不動産投資において、最大のリスクは「空室」ではなく「家賃滞納」であるといっても過言ではありません。本記事では、株式会社CFネッツ代表取締役兼CFネッツグループ最高責任者・倉橋隆行氏監修の書籍『賃貸トラブル解決のプロと弁護士がこっそり教える 賃貸トラブル解決の手続と方法』(プラチナ出版)より一部を抜粋・編集し、実例とともに「賃貸トラブル」の予防策や解決法を具体的に解説します。

連帯保証人である父親がすでに死亡していることが判明

物件 神奈川県横浜市所在1Rアパート

契約 平成20年

貸主 当社

借主 IE 20代女性 会社員

連帯保証人 IT 60代男性 千葉県在住

 

今回のケースは、連帯保証人の相続人に対する滞納家賃の請求という案件の事例です。

 

借主IEは、20代前半の女性で、平成20年に当社との間で、神奈川県横浜市内の1Rアパートの賃貸借契約を締結し、以降、長年居住されていました。

 

連帯保証人ITは60代男性で、借主IEの父親です。

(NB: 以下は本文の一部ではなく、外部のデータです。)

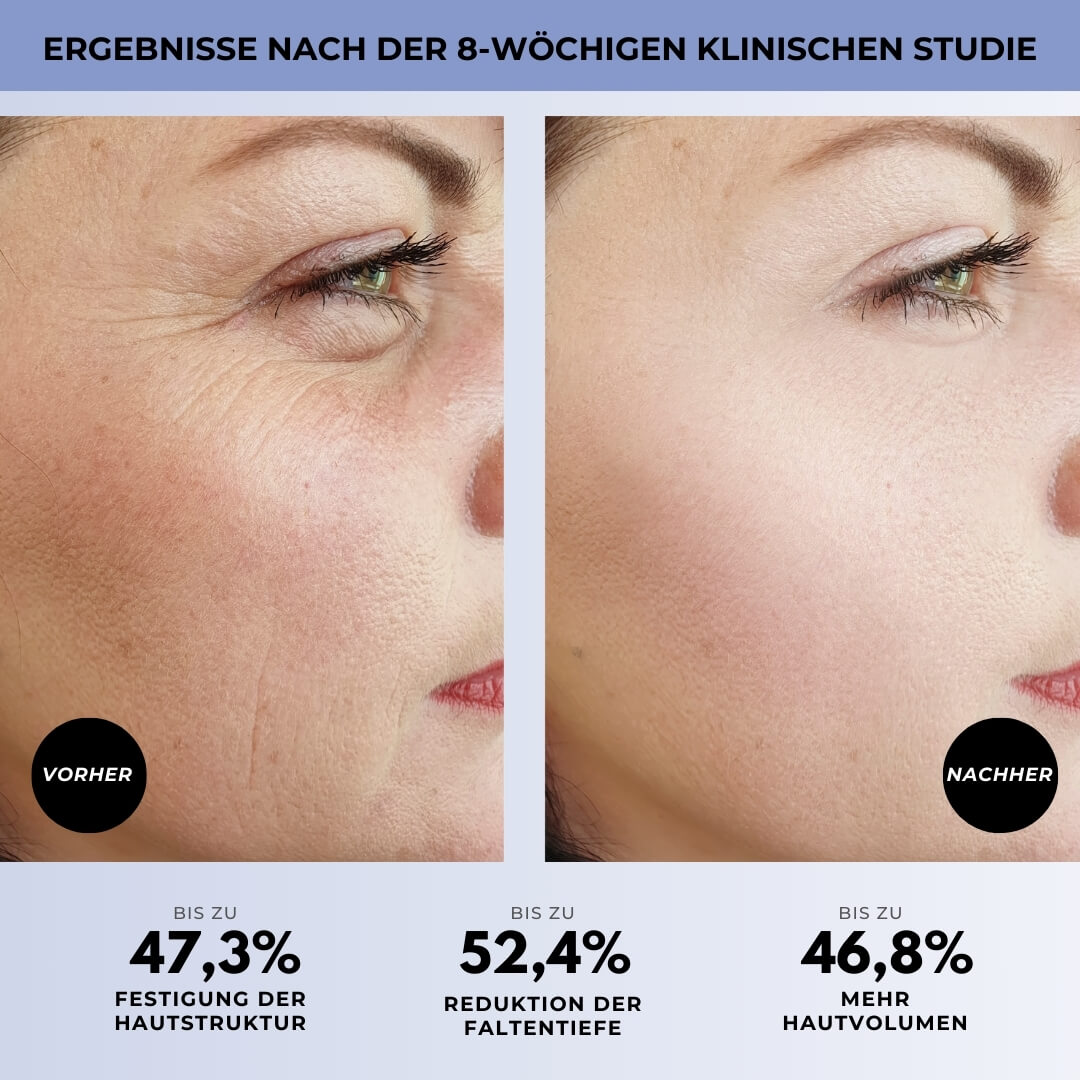Vorher-Nachher Ergebnisse 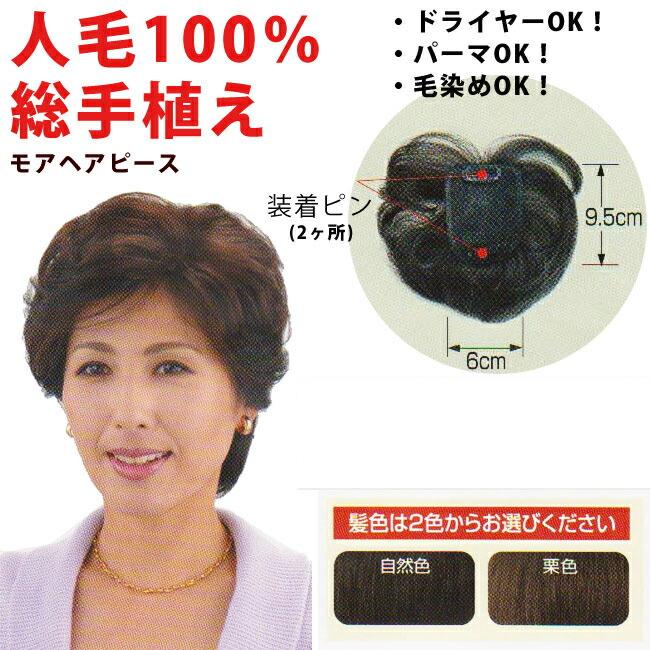 【送料無料※一部地域は除く】 モア　ヘアピースＭＨ-10　モアヘアピース　部分用かつら　ウィッグ |  | 01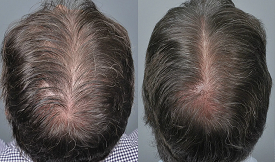 body hair transplant result in islamabad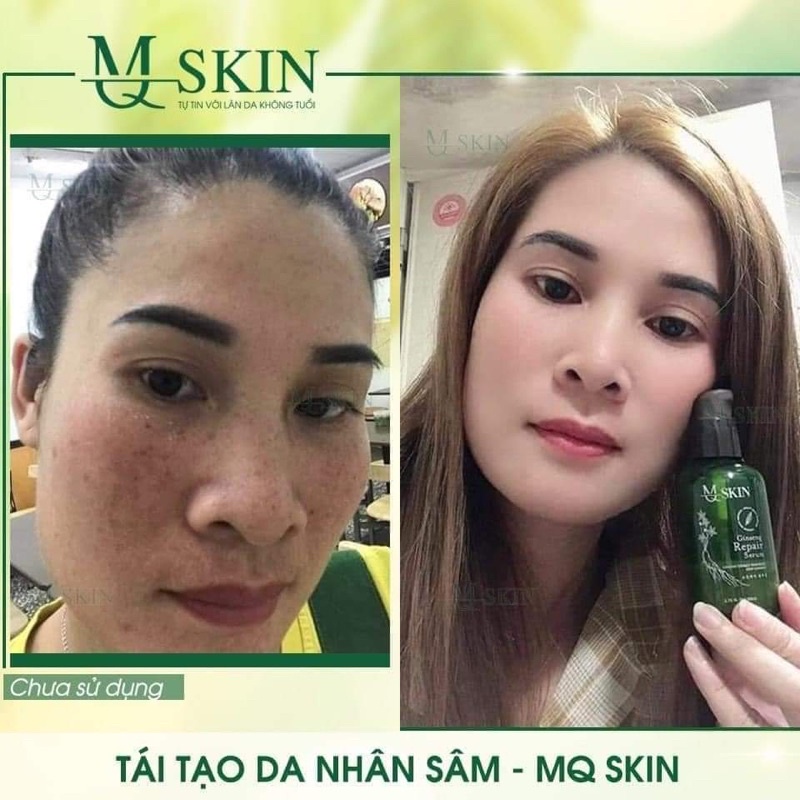 Tái Tạo Da Nhân Sâm Mqskin_serum thay da ngừa mụn, nám tàn nhang, sẹo rỗ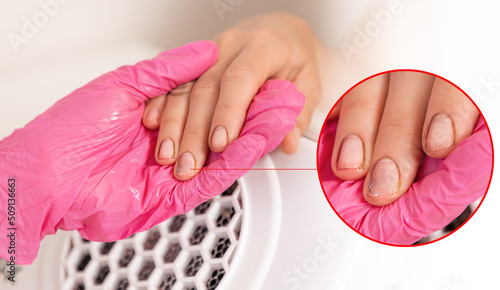Manicurist in pink medical gloves holds a client's hand with dirty, sore nails. Close-up. The concept of problems and fungal nail damage photo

借主IEは、毎月、真面目に家賃を支払っていましたが、平成28年のある日、家賃滞納が発生し、私が請求しても、連絡は一切とれず、支払も全くありません。借主IEの勤務先に在籍確認すると、ずいぶん前に退職済みとの回答。

 

このような場合、連帯保証人へも合わせて請求するのが通常の流れですが、連帯保証人ITへ電話をかけると「現在使われておりません」のメッセージが流れます。

 

 

滞納家賃請求の手紙を、連帯保証人ITの住所へ郵送すると、「宛所尋ね当たらず」で郵便物が返送されてきます。もしかすると、連帯保証人ITが、引っ越しでもして、それで電話番号と住所が変わったため連絡が取れないのかと思い、連帯保証人ITの現住所確認のため、連帯保証人ITの住民票を取得しますと、何と「平成27年●月●日に死亡」との記載があります。

 

とりあえず、連帯保証人ITはさておき、借主IEからの回収を目指しますが、借主IE、相変わらず連絡も取れず、また支払もない状況が続きます。連絡が取れれば、借主IEへ今後のことでアドバイスもできますが、連絡が取れない場合は、建物明渡請求の民事訴訟での解決となります。

 

まず、賃貸借契約の解除の催告のため、通知書を、内容証明郵便、特定記録郵便、建物訪問の方法で借主IEへ送ります。そうして、滞納家賃の支払期日になっても、支払も連絡もなかったため、支払期日の翌日に契約解除としました。

室内は空の状態…借主は夜逃げしていた

建物を改めて訪問しますと、電気メーター、ガスメーター、水道メーターがすべて停止しています。またポストの中は、チラシ等の滞留物で溢れかえっています。

 

これらの状況から、借主IEが夜逃げしたような形跡がみられましたため、玄関ドアの蝶番にセロハンテープを貼り、再度、日を改めて建物を訪問しますと、セロハンテープはそのままでしたため、警察官同行のもと室内の安否確認を実施しました。室内は、家財道具が一切なく、埃が積もっているだけの空の状態で、玄関ドアの鍵が部屋の隅へ残されています。合わせて借主IEの住民票を取得しますと、もう借主IEは、この建物とは別の横浜市内の住所へ引っ越しています。

 

このような、「借主に対し、家賃滞納の信頼関係破壊による賃貸借契約解除の通知書を送った後、契約解除日を過ぎても支払・連絡がない、室内を見ると、家財道具が一切なく、玄関ドアの鍵が室内に残されている」といった場合、借主が建物の占有の意思を放棄した=建物の明け渡し完了としています。

 

 

建物明渡請求の民事訴訟を提起して、建物明渡の強制執行という流れでの解決方法もありますが、今回のような、明らかに夜逃げしているような状況の場合、民事訴訟から強制執行までの約6ヵ月から7ヵ月の間、滞納家賃を膨れ上がらせるだけとなりますため、状況次第で、どのようにするかを判断しています。